A trust misdiagnosed a patient as having a blood clot when he actually had an aortic dissection (a tear in the blood vessel from the heart to the body). This resulted in his death.
What happened
Mr F went to A&E with intense pain in his arm. Staff diagnosed a blood clot, scanned him and gave him anticoagulation medication to thin his blood. Later that night Mr F collapsed and died. His post mortem found an aortic dissection that had blocked the flow of blood to his arm, not a blood clot. Mr F's wife complained to the Trust about her husband's misdiagnosis. The Trust did not uphold her complaint because
Mr F did not have the usual chest pain it expected in someone with an aortic dissection.
What we found
Mr F's symptoms were not typical for his condition, which made it more difficult to diagnose. However, the Trust missed several chances to correctly diagnose Mr F, including taking account of his previous medical history and unusual symptoms, carrying out a chest
X-ray and misreporting a scan. While we cannot say that Mr F's death was avoidable (because his condition was very serious), it is clear that the Trust lost the chance to give him treatment that might have prevented or delayed his death.

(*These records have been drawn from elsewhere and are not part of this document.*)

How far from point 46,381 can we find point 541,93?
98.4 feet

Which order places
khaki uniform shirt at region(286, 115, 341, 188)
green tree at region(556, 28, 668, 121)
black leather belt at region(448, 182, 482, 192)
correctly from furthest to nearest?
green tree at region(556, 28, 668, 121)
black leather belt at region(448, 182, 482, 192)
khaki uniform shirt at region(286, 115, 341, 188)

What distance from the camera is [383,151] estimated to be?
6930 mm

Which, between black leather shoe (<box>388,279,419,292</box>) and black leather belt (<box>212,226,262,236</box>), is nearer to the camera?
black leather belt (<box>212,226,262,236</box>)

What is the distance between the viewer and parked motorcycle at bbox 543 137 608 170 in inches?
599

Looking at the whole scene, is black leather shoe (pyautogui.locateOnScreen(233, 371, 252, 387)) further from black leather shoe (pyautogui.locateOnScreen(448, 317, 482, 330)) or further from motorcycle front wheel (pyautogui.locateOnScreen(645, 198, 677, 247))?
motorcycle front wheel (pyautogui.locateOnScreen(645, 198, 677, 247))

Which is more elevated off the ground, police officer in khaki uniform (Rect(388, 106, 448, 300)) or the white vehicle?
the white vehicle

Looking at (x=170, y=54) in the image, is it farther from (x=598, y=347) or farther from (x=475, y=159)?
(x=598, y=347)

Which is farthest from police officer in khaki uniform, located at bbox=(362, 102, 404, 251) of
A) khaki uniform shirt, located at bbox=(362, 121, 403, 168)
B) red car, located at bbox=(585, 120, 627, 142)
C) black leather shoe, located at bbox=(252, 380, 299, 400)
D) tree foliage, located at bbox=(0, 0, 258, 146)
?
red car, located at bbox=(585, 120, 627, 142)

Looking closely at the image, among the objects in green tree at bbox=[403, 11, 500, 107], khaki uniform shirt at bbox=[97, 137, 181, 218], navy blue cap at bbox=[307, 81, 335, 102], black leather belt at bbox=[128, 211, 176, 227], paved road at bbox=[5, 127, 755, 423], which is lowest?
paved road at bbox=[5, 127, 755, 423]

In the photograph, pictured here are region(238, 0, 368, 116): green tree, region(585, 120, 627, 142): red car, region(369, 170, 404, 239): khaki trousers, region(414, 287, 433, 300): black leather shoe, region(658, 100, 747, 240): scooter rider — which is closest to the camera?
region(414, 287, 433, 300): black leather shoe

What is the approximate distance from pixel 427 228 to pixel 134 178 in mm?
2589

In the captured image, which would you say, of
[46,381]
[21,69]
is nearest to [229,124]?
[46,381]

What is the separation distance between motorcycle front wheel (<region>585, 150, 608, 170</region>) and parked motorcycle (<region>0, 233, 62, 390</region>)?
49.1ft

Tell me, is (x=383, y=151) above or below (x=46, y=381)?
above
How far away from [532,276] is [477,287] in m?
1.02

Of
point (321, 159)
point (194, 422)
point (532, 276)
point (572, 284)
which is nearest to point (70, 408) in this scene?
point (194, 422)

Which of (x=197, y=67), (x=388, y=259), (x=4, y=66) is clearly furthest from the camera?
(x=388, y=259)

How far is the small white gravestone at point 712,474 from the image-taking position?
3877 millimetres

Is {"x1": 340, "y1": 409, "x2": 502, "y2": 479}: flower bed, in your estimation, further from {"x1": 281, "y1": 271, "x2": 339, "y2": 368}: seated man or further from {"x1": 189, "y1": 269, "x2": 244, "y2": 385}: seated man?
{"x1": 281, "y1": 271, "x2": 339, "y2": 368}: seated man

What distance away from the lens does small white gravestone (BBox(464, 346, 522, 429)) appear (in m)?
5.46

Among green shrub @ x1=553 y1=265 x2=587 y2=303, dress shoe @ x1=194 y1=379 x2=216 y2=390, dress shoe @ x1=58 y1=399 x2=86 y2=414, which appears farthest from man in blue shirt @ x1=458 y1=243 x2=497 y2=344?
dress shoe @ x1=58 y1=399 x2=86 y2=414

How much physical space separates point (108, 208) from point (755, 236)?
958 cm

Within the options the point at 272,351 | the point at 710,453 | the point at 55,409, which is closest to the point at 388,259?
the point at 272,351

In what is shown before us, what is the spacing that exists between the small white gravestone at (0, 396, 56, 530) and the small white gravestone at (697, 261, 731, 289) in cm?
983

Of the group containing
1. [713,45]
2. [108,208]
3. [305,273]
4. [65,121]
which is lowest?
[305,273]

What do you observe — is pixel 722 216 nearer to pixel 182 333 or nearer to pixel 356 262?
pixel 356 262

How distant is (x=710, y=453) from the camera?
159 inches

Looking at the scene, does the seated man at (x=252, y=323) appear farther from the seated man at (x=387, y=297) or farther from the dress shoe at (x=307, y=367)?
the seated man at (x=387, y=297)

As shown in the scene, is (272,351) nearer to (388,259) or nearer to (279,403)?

'We identified a number of missed opportunities in the care provided to Mr F. While individually these would not all be considered failings, cumulatively they amount to service failure.' Dame Julie Mellor, DBE
Putting it right
We recommended that the Trust apologise for and acknowledge its mistakes and pay Mr F's wife £2,000. We also asked the Trust to identify in an action plan how it would avoid these failings happening again.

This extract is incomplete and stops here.